I was wondering, how does .clone() function interact with backpropagation?
For example I had to pieces of code and I don’t understand what their difference is, can someone explain me the difference (maybe so I understand why clone is even needed for backprop to work “properly”, whatever properly means):
E.g1:
import torch
from torch.autograd import Variable
x = Variable(torch.rand(2,1),requires_grad=False) #data set
w = Variable(torch.rand(2,2),requires_grad=True) #first layer
v = Variable(torch.rand(2,2),requires_grad=True) #last layer
w[:,1] = v[:,0]
y = torch.matmul(v, torch.matmul(w,x) )
vs
import torch
from torch.autograd import Variable
x = Variable(torch.rand(2,1),requires_grad=False) #data set
w = Variable(torch.rand(2,2),requires_grad=True) #first layer
v = Variable(torch.rand(2,2),requires_grad=True) #last layer
w[:,1] = v[:,0]
y = torch.matmul(v, torch.matmul(w.clone(),x) )
why do we need clone in the second one? What does “backprop work properly” mean?
RuntimeError: a leaf Variable that requires grad has been used in an in-place operation.
If you want to perform in-place operations (like w[:, 1] = v[:, 0]), you can clone the variable before the in-place operation.

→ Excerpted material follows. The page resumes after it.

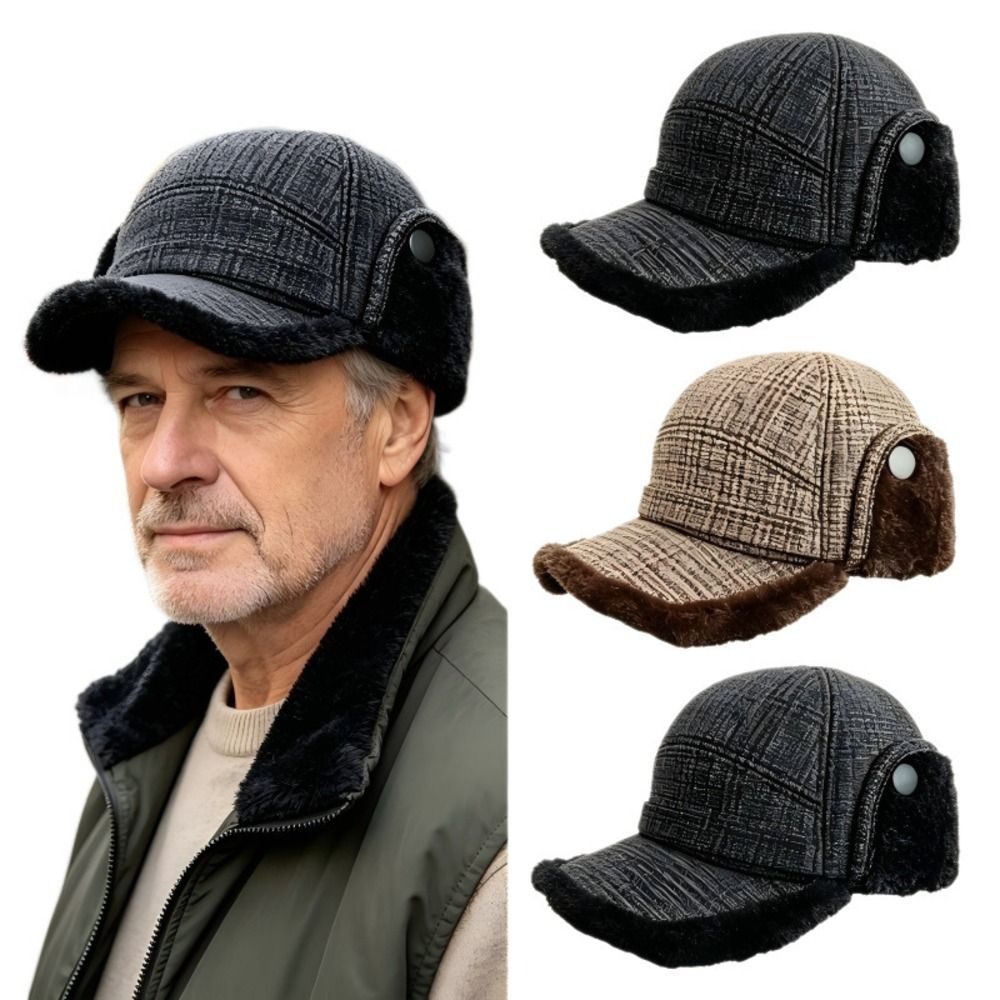 Trapper Hat Ear Flap - Casquette plate à cache-oreilles doublée de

This makes it not be a leaf variable anymore.
Using in-place Variables is very tricky in many cases. A lot of frameworks doesn’t support them, so they just perform copies instead. PyTorch support in-place operations, but because other operations can require the content of the Variable to perform backpropagation, you can’t modify it inplace or else you will have wrong gradients.
If I get a copy of a Variable and extract a slice of the copy, then the gradient only back prop through the sliced dimension? what if this Variable is the model parameters?

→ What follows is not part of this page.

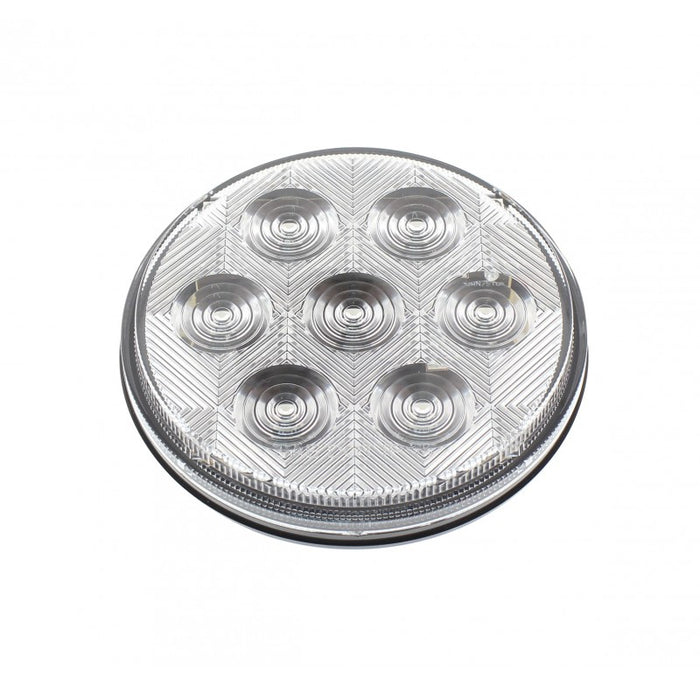 "Competition Series" Red 4" round 7 diode LED stop/turn/tail light - CLEAR lens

Thank you for the help! One follow-up question: is there a way slice matrix in batch-wise?
For example:
output = model(input) , where output has a shape of 10 x 1 x 32 x 32 (batch size x channel x height x width)
Slicing operation will be different for each sample:
sample 1: output[0, :, :16, :16]
sample 2: output[0, :, :15, :15]
sample 3: output[0, :, :26, :26]…something like that.
Does PyTorch have a way to do the above operation efficiently? without using for loop.
I guess you can use advanced indexing only if the size of different slices matches. e.g.:
sample 1: output[0, :, 1:16, 1:16]
sample 2: output[0, :, :15, :15]
sample 3: output[0, :, 11:26, 11:26]